Aangiften tot en met 2020 ingediend. Eerste aanslagen zijn opgelegd
De gemeente Groningen heeft tot en met 2020 nihil aangiften ingediend. De belastingdienst heeft aanslagen 2016 en 2017 opgelegd die afwijken van de ingediende aangiften. Tegen deze aanslagen zijn pro forma bezwaarschriften ingediend en verwachten we een noodzakelijk te voeren gerechtelijke procedure.

Reclame-opbrengsten
De belastingdienst neemt het standpunt in dat de opbrengsten van ‘het gelegenheid geven tot reclame-uitingen’ (abris, reclamezuilen etc.) een economische activiteit is die is belast met vennootschapsbelasting. Net als vele gemeenten delen wij het standpunt van de belastingdienst niet. Er worden gerechtelijke procedures gevoerd die, ondersteund door de VNG, zoveel als mogelijk gezamenlijk worden beargumenteerd, gecoördineerd en gevoerd. Groningen haakt daar bij aan. Het bezwaar aanhouden totdat er een definitieve uitspraak is van andere gemeenten kan helaas niet, aangezien er bij de gemeente Groningen nog een ander verschil van inzicht speelt over de belastingplicht.

Het Parkeerbedrijf
Een economische activiteit waarbij de gemeente in concurrentie treedt (of kan treden) met de markt is het Parkeerbedrijf. De wijze waarop de gemeente Groningen deze activiteiten in de aangifte opneemt leidt in de jaren 2016-2018 niet tot acute Vpb-plicht. Een cruciaal element daarbij is dat de activiteit straatparkeren op basis van een toezegging van de Staatssecretaris van Financiën onder de overheidstakenvrijstelling valt én de consolidering van alle gemeentelijke parkeeractiviteiten. De belastingdienst is van mening dat de parkeeractiviteiten niet mogen worden geconsolideerd. Dit leidt ertoe dat de negatieve resultaten van de parkeergarages niet kunnen worden gezien als fiscaal verlies dat vervolgens niet kan worden gesaldeerd met de positieve resultaten van de reclame-opbrengsten.

De gemeente Groningen wordt binnenkort in de gelegenheid gesteld de bezwaren schriftelijk en mondeling toe te lichten. Gedurende de bezwaar en beroepsprocedure zal meer duidelijkheid ontstaan over de omvang van het risico dat de gemeente het standpunt van de belastingdienst moet volgen én er daadwerkelijk vennootschapsbelasting is verschuldigd.

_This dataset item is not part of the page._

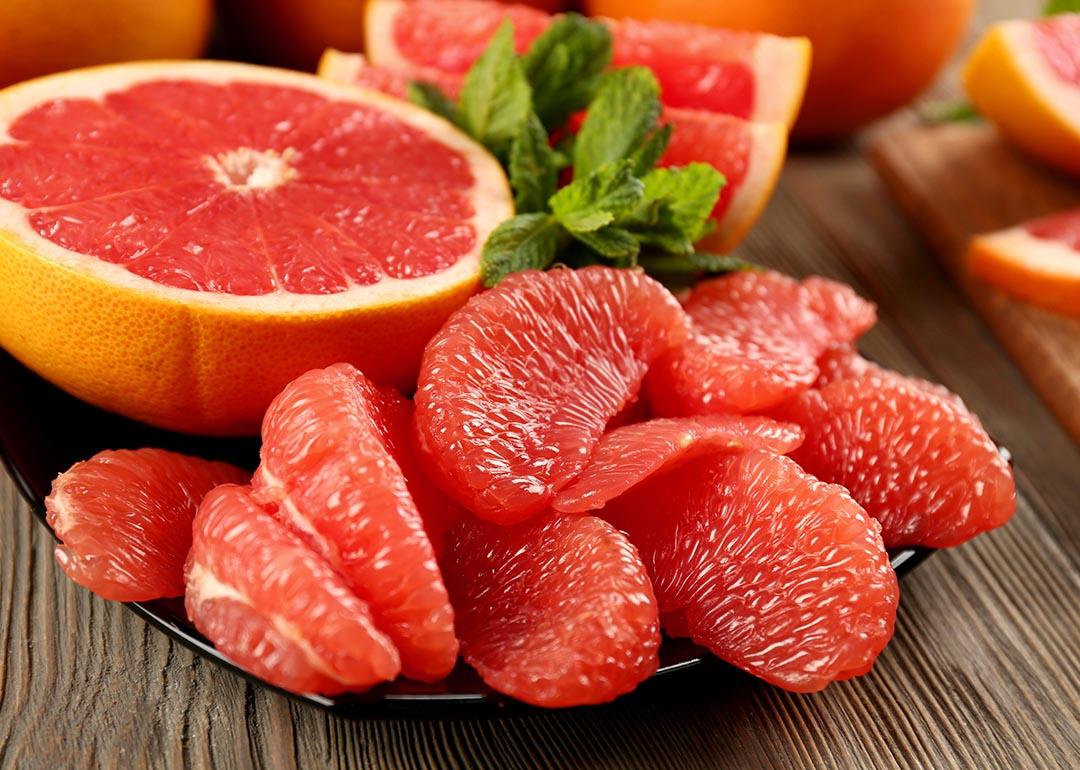 Beauty photo of sliced half a grapefruit on a black plate with peeled pieces of grapefruit in the foreground.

Beoordeling Grondbedrijf: gemeentelijke grondexploitaties en Meerstad
De gemeente Groningen heeft beoordeeld en geconcludeerd dat haar gemeentelijke grondexploitaties gezamenlijk één fiscale activiteit vormen. Daartoe is de zogenoemde QuickScan uitgevoerd. De QuickScan is een praktische methode die is ontwikkeld door de inmiddels opgeheven Samenwerking Vennootschapsbelasting Lokale Overheden (SVLO), waarin onder meer de Belastingdienst en de VNG zitting hadden. De uitkomst van de QuickScan is dat de gemeentelijke grondexploitaties gezamenlijk beschouwd een duidelijk negatief saldo hebben. Dit duidt op de afwezigheid van een onderneming door het ontbreken van een winststreven. De uitkomsten van de QuickScan zijn in april 2016 besproken met de Belastingdienst. Deze heeft de gemeente mondeling medegedeeld dat de QuickScan op juiste en verzorgde wijze is uitgevoerd en dat de Belastingdienst aanneemt dat de gemeente Groningen voor de gemeentelijke grondexploitaties geen onderneming in fiscale zin drijft. De quickscan wordt jaarlijks uitgevoerd om te kunnen beoordelen of sprake is van een onderneming.

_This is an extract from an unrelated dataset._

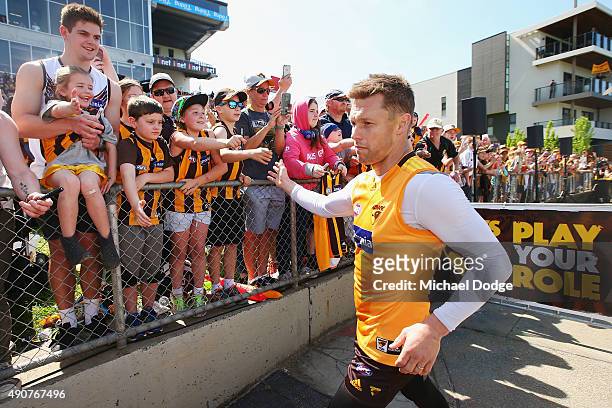 Sam Mitchell of the Hawks is greeted by fans when walking off during a Hawthorn Hawks AFL training session at Waverley Park on October 1, 2015 in...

De grondexploitatie Meerstad is ondergebracht in een afzonderlijk lichaam, met een eigen directie, eigen jaarrekening en eigen personeel. Deze grondexploitatie is aangemerkt als een afzonderlijke fiscale onderneming en is als zodanig zelfstandig beoordeeld. Voor Meerstad is ook de QuickScan uitgevoerd. Op basis van de huidige inzichten vertoont de QuickScan een duidelijk positief saldo. Door het SVLO is een tweede toets; de post-Quick Scan toets ontwikkeld. De post-QuickScan leidt ertoe dat rekening houdend met de rentekosten uit het verleden een negatief saldo ontstaat. Meerstad wordt daardoor niet belastingplichtig door het ontbreken van een winststreven.

De belastingdienst heeft de aanslagen opgelegd conform deze uitgangspunten van de gemeente Groningen. Door de wijze waarop de VPB plicht voor lokale overheden is geregeld, kan het (eventuele) negatieve resultaat van de grondexploitaties niet worden gesaldeerd met de positieve resultaten van andere activiteiten.

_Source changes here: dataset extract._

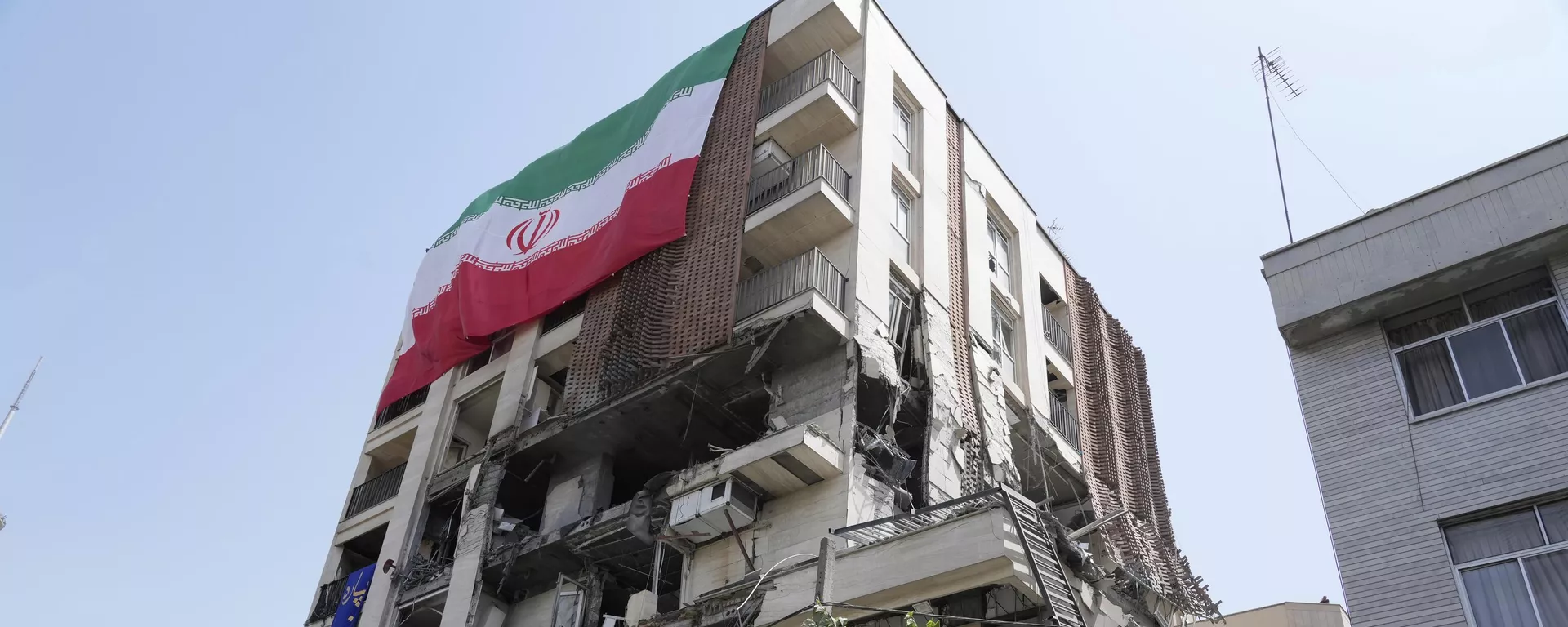 Иранский флаг на здании, которое подверглось израильскому удару в Тегеране — Sputnik Таджикистан, 1920, 28.02.2026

Dit fiscale resultaat is tot gebaseerd op de huidige inzichten met toepassing van de op dit moment geldende regelgeving, de door het SVLO gepubliceerde handreiking en jurisprudentie. Ten aanzien van de fiscale positie bestaat desondanks een aantal onzekerheden die samenhangen met eerder genoemd verschil in interpretatie van de wet. Dit kan voornoemde conclusie over de Vpb-plicht beïnvloeden.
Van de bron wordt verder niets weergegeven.